Captioned web images
....
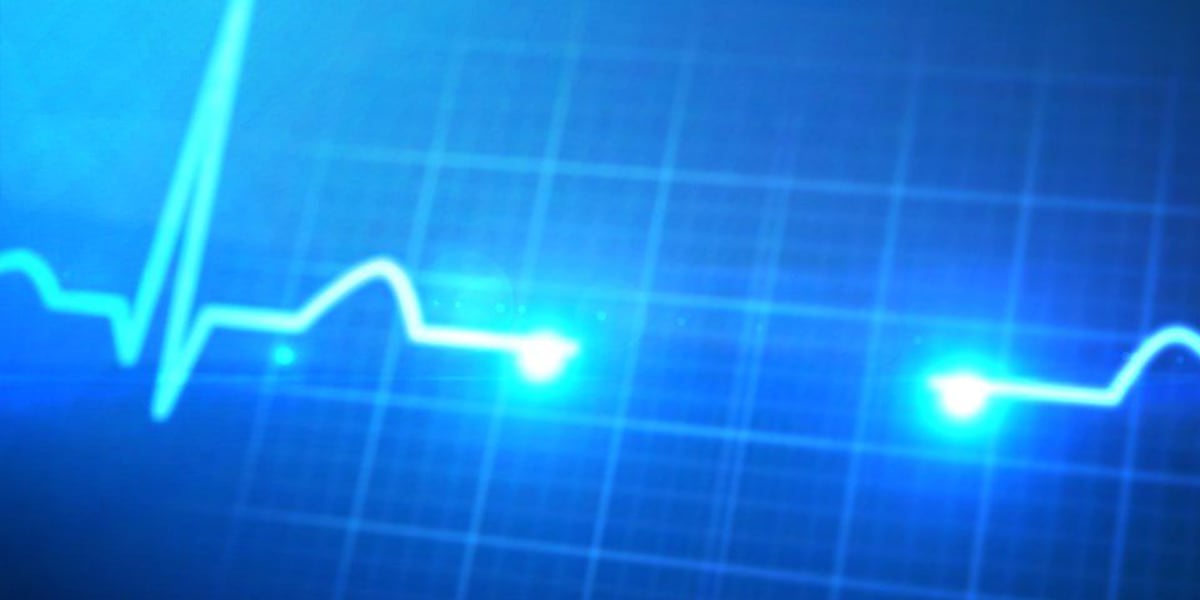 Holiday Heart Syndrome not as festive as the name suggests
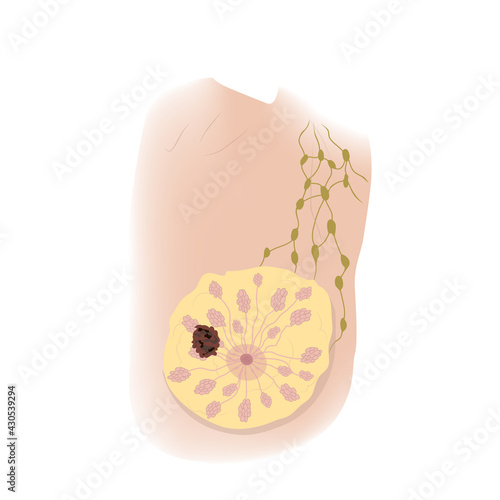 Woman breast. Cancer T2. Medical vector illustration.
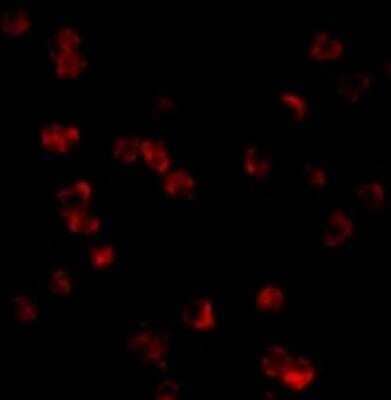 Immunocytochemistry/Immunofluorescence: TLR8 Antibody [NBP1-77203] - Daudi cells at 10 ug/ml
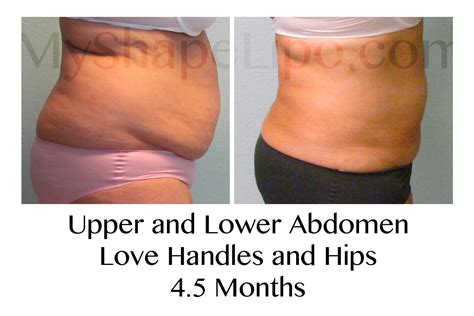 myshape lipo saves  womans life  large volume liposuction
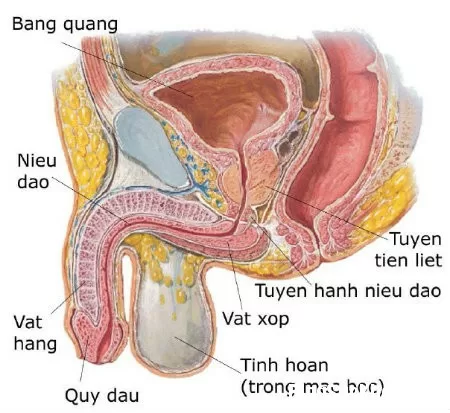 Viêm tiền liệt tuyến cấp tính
....
◆ EXERCISE DETAILS ◆
With the pictures omitted, restate every entry above word for word.

◆ TASK SOLUTION ◆
 Holiday Heart Syndrome not as festive as the name suggests
 Woman breast. Cancer T2. Medical vector illustration.
 Immunocytochemistry/Immunofluorescence: TLR8 Antibody [NBP1-77203] - Daudi cells at 10 ug/ml
 myshape lipo saves  womans life  large volume liposuction
 Viêm tiền liệt tuyến cấp tính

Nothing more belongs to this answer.